▸ Data for processing
══════════════════════════════
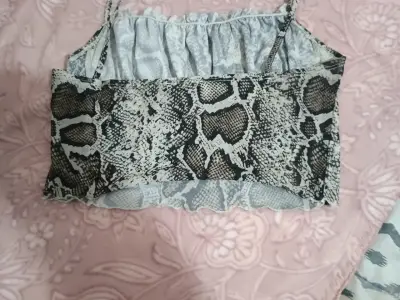 Top de tirantes estampado serpiente - miniatura 2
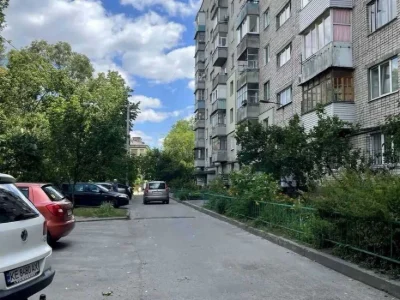 Продам трикімнатну квартиру 67 м² на вул. Каруни, 49.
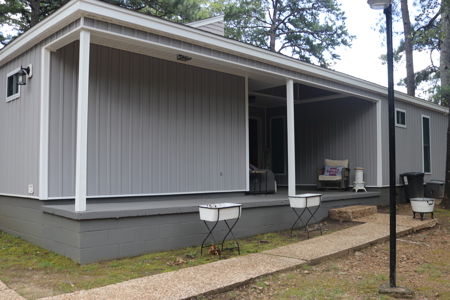 Weekend Retreat or Retirement Home Deluxe! - image 28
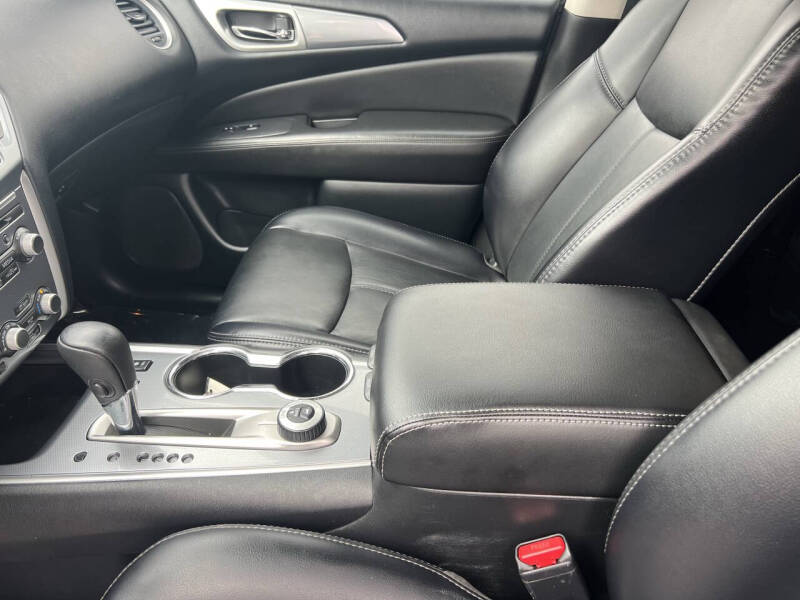 2019 Nissan Pathfinder SL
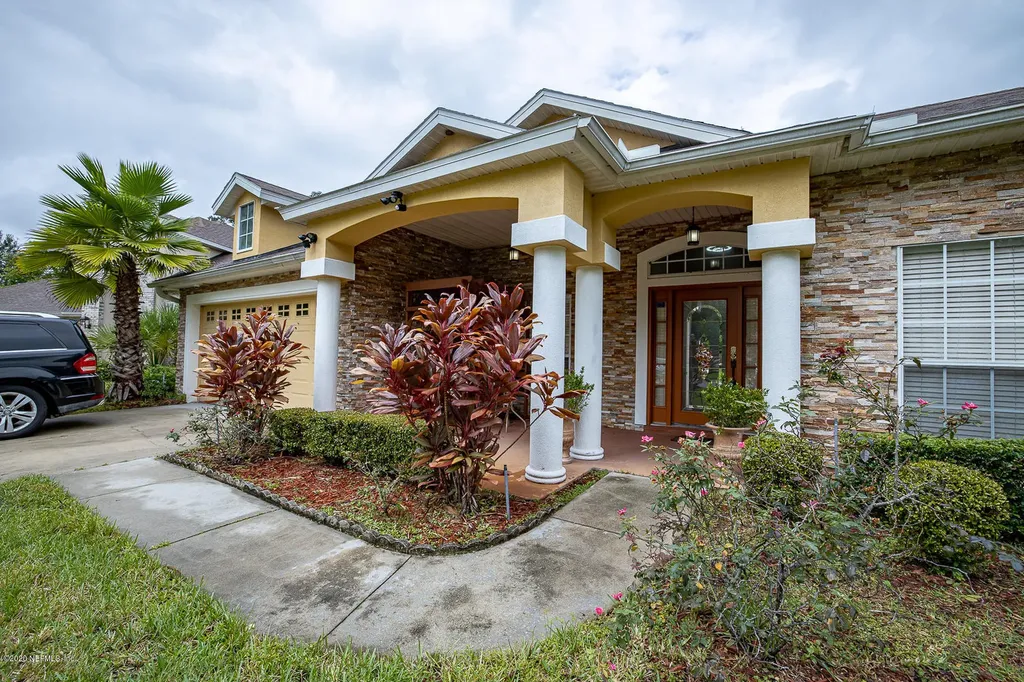 8327 Warlin Drive S Jacksonville FL 32216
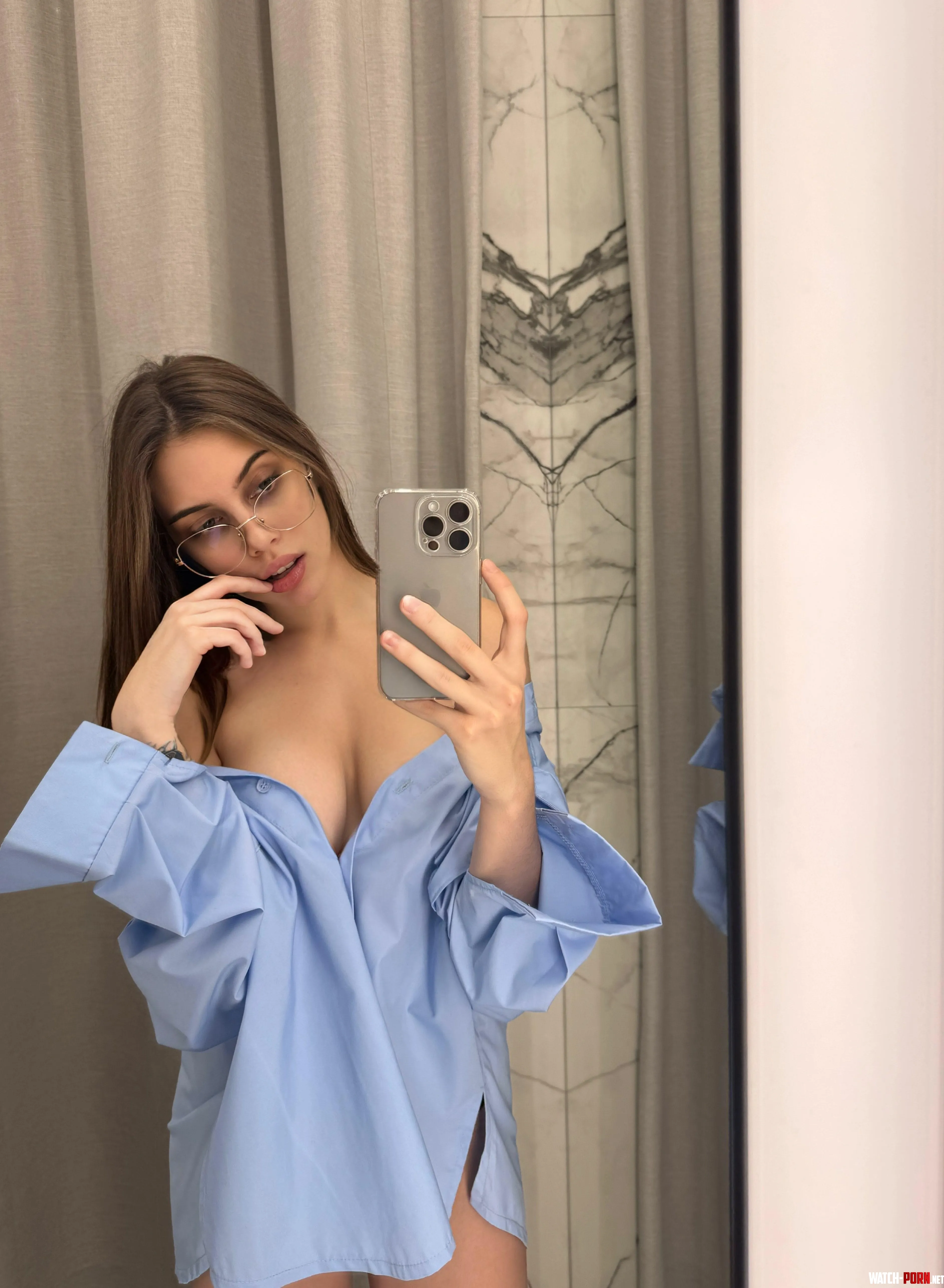 loved to seduce you with my selfies by meliLIinda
══════════════════════════════
▸ Requirement
Word for word, restate all of the material, omitting the images.

▸ Task solution
 Top de tirantes estampado serpiente - miniatura 2
 Продам трикімнатну квартиру 67 м² на вул. Каруни, 49.
 Weekend Retreat or Retirement Home Deluxe! - image 28
 2019 Nissan Pathfinder SL
 8327 Warlin Drive S Jacksonville FL 32216
 loved to seduce you with my selfies by meliLIinda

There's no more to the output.